Thursday, August 12, 2010

Eliminating index.cfm From Mura URLs With Apache and mod_rewrite

This may seem like it's a topic that's been beaten to death since there are several examples of how to do this, but none of the examples I found quite fit my exact situation. And since URL rewrite rules are all about getting the exact right characters in the exact right order (pesky computers), I thought I'd share my situation in the hopes of saving someone else some time.

First, in case some of you aren't using Mura but are reading out of general interest in URL rewriting (get a life! ;-), let's take a look at Mura URLs. Mura URLs are in the format http://server/siteid, where 'siteid' is an actual physical directory on disk. Since Mura is built on CFML it uses a directory index file of index.cfm, so when you hit http://server/siteid it's the equivalent of hitting http://server/siteid/index.cfm. The presence of a .cfm file is what triggers Apache to hand off the processing of that file to the CFML engine. This is rudimentary stuff I realize, but that index.cfm bit is important in this case since that's what we're going to be eliminating from the URL.

Pages other than the site index page in a Mura site have URLs along the lines of http://server/siteid/index.cfm/page-name, and the 'page-name' bit is not a directory or file on disk since all the Mura content is contained in the database. So if my site ID is 'foo' and my page name is 'bar', the URL for the 'bar' page would be http://server/foo/index.cfm/bar What I'd like my URL to be for that page, however, is http://server/foo/bar, so I want to eliminate index.cfm from the URL.

The solution for this is to use URL rewriting in your web server, which in my case is Apache and mod_rewrite. Using URL rewriting I can have the web server match certain URL patterns and translate these patterns into something different behind the scenes so things still work properly. So in this case I need a rewrite rule that will take the URL http://server/foo/bar and treat that as if it were http://server/foo/index.cfm/bar. Otherwise, Apache would be looking for a directory 'bar' under the 'foo' directory, which of course doesn't exist, so it would throw a 404.

Many of the URL rewrite examples I came across were designed for Mura sites that are also eliminating the site ID from the URL. This is all well and good, but since I'm working on an intranet site we want to keep the site IDs in the URLs (e.g. http://server/department), so that meant most of the examples I saw weren't quite right for my needs.
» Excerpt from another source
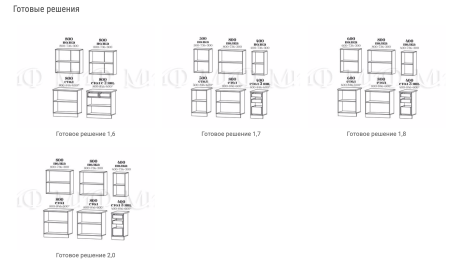 Кухонный Гарнитур  Риана-1 Манго 1600/1700/1800/2000 мм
The tricky part (at least for me as a relative mod_rewrite amateur) is that instead of being able to say "take my server name, add 'index.cfm' to that, and then tack on the rest of the URL being requested," I had to take the first part of the URL being requested (the site ID, which again is a physical directory), then insert index.cfm, then tack on the rest of the URL being requested (i.e. everything after the site ID in the URL).
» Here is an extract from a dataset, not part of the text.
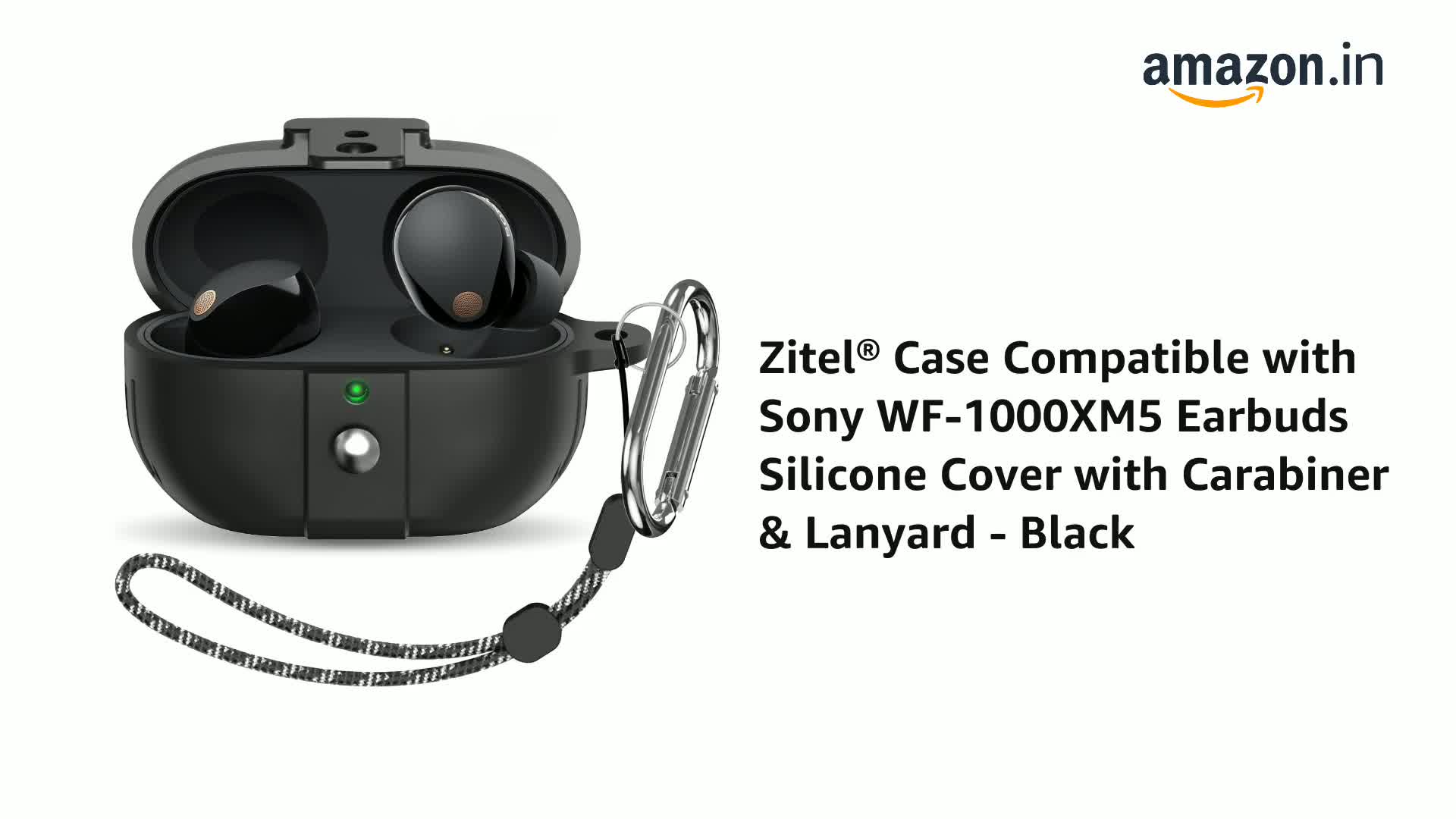 Zitel® Case Compatible with Sony WF-1000XM5 Earbuds Silicone Cover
This is actually pretty easy if you want to create a rewrite rule for each site ID on the server, but that would mean additional Apache configuration and an Apache restart every time a new site is added to Mura. That seemed like a maintenance nightmare to me so I decided to try to come up with a solution that would handle eliminating index.cfm regardless of the site ID.

What I ended up doing was cobbling together several of the other great resources linked above for many of the other considerations with rewriting for Mura, and then came up with a rewrite rule that will leave the site ID in place, then add index.cfm, and then tack on the rest of the URL being requested.
Quite a lot of preamble for a one-line rewrite rule, but here it is in all its gory glory:

RewriteRule ^/([a-zA-Z0-9-]{1,})/(.*)$ ajp://%{HTTP_HOST}:8009/$1/index.cfm/$2 [NE,P]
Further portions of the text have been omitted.